» **Problem requirements**
From the data below, copy exactly the lines that lie between the one holding "Apistogramma cacatuoides Orange" and the one holding "An unframed print", including both, and nothing more.

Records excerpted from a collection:
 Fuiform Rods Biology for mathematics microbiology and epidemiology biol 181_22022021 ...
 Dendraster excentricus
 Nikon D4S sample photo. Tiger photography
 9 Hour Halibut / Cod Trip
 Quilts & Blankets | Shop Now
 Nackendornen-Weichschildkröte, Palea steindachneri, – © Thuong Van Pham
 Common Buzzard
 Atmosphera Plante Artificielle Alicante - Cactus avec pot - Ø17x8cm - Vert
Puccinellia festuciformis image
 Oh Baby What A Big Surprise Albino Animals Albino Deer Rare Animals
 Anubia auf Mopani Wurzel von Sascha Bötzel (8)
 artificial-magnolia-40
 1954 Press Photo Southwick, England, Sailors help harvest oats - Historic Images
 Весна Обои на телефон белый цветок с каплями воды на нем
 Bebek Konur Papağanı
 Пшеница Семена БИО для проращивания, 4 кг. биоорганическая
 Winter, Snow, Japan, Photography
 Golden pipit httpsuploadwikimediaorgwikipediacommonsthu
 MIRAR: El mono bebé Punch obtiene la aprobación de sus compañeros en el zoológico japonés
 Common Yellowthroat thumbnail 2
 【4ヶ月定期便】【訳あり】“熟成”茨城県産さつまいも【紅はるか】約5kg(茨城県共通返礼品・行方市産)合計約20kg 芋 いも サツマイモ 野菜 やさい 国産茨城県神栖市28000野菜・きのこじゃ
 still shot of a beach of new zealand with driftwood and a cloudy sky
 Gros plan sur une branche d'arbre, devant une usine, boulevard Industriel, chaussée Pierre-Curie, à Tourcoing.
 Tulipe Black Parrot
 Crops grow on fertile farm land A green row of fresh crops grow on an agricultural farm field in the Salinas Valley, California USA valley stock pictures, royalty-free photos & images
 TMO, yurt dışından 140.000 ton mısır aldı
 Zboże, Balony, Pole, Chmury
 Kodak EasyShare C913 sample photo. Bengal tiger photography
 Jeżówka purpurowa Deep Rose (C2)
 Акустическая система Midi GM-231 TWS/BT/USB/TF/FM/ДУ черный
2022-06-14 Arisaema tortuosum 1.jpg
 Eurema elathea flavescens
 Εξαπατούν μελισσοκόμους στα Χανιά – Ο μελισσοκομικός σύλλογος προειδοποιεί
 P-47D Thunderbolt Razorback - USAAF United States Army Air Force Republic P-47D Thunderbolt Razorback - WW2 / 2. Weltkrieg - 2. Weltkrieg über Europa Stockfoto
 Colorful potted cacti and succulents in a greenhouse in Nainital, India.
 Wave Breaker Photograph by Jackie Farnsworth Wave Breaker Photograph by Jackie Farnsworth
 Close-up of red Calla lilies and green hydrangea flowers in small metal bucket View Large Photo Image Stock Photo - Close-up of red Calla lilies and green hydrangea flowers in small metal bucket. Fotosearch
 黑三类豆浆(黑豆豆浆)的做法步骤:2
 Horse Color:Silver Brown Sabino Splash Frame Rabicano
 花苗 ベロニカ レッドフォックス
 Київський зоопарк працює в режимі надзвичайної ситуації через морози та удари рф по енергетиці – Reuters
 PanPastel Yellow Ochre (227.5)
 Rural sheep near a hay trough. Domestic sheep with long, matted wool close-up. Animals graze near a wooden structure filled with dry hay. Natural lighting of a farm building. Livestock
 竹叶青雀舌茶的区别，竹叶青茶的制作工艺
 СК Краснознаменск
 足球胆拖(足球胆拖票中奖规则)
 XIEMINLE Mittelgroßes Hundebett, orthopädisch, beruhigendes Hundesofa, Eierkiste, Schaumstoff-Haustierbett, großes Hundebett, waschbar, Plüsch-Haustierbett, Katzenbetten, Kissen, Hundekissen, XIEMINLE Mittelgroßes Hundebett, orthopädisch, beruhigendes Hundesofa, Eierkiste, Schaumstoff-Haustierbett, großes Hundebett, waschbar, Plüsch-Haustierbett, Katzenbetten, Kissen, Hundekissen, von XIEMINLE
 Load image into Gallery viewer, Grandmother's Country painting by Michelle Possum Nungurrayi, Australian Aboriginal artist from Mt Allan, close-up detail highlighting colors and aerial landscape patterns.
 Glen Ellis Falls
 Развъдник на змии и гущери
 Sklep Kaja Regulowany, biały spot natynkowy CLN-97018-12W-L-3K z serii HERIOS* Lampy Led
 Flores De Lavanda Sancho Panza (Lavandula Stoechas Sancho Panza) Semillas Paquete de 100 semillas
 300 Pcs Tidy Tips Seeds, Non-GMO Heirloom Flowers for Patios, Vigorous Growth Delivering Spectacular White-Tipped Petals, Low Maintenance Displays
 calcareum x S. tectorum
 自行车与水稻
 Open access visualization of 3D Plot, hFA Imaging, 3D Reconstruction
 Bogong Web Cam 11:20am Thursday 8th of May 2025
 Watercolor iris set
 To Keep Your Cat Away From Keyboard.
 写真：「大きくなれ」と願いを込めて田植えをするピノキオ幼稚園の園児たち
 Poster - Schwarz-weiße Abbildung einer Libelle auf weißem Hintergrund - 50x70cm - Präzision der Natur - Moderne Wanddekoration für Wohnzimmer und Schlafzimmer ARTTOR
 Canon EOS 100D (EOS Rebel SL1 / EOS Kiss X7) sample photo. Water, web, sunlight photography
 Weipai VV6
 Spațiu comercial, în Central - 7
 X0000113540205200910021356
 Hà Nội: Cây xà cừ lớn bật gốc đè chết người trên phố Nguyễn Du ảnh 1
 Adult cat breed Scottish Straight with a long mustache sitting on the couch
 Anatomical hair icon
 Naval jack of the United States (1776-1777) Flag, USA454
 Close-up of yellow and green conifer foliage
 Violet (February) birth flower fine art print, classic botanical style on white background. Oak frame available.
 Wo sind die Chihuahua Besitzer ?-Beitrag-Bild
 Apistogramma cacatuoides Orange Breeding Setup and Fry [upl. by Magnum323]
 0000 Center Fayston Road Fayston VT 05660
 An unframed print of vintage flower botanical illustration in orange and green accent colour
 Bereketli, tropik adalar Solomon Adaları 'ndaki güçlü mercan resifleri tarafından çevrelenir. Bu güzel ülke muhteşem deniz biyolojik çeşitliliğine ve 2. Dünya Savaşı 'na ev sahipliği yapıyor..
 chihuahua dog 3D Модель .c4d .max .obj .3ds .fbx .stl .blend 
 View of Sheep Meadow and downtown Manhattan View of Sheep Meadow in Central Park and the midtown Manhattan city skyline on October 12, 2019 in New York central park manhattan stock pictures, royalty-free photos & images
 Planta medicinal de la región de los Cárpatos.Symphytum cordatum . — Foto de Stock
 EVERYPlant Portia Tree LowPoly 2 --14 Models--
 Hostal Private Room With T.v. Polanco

» **Answer to the exercise**
 Apistogramma cacatuoides Orange Breeding Setup and Fry [upl. by Magnum323]
 0000 Center Fayston Road Fayston VT 05660
 An unframed print of vintage flower botanical illustration in orange and green accent colour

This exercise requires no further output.